Notes for Sunday 4-10-09 (1)

Reflective service using Psalm 8 &
Hebrews 1: 1-4, 2: 5-12


It’s not often that I base a sermon or reflection on just one word. but I am so struck by the word in the psalm, which is quoted here in the letter to the Hebrews – the word ‘mindful’.
The psalmist asks God ‘What are human beings that you are mindful of them?’.

There are people who find it hard to believe in a God at all – and some who will try to say that you have either to believe in a creator or in an evolving universe. But most people, looking up at the stars, getting a glimpse into the marvels of the universe, find that it is hard not to believe that there is a creating force at work.
But the psalmist does not stop at the idea that there is a God who created the stars, our earth, and everything in it. He says that this God is mindful of human beings – there is a relationship between this great creator God and the people he has made.

And to help these people to be mindful of the God who loves them, the writer of the letter to the Hebrews spells out how God has related and is relating to his people. First there were the prophets, but now there has come the Son. Jesus is greater than the angels, God’s messengers, he is the one through whom God created all things, he is everything God is, he is the heir of all things, and yet he came to earth to suffer and to die.

For the Psalmist it is a wonderful thing to think of a God who is mindful of mere human beings and their needs – but in the letter to the Hebrews we encounter the God who is so mindful, so caring, so concerned for our well-being, that he comes among us in Christ.
Here is the very heart of God’s care, God’s mindfulness of us.
To come, to be lower than the angels, lower than most human beings, the lowest of the low nailed upon the cross, dying a criminal’s death: suffering the very worst we can imagine, to try to reach out the hearts and minds of human beings.

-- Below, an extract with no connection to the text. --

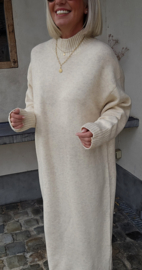 CARLA maxi knit dress soft beige tall line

If the Psalm points us to the God who looks down from heaven to be mindful of us on earth, then Hebrews goes so much further, telling us of the God who comes down to earth to lift us all to heaven.

I am deliberately not using many words this morning. I want our communion to speak to us.
This is the physical reminder of Jesus’ sacrifice. Body broken, blood poured out. This is the evidence we need of a God who is supremely mindful of each of us – who never forgets our abandons his people, but will do absolutely anything to prove to us how we much we are loved.

And this is the reminder of the feast prepared for us in heaven.
We are loved to the uttermost, and we are made for love and service and glory.
We are truly a little lower than the angels – yet made glorious sons and daughters of God by the gift of Jesus Christ.

Let us share is the gift of love and be raised by that gift be the people we were made to be, mindful of God’s love and living to God’s glory. Amen.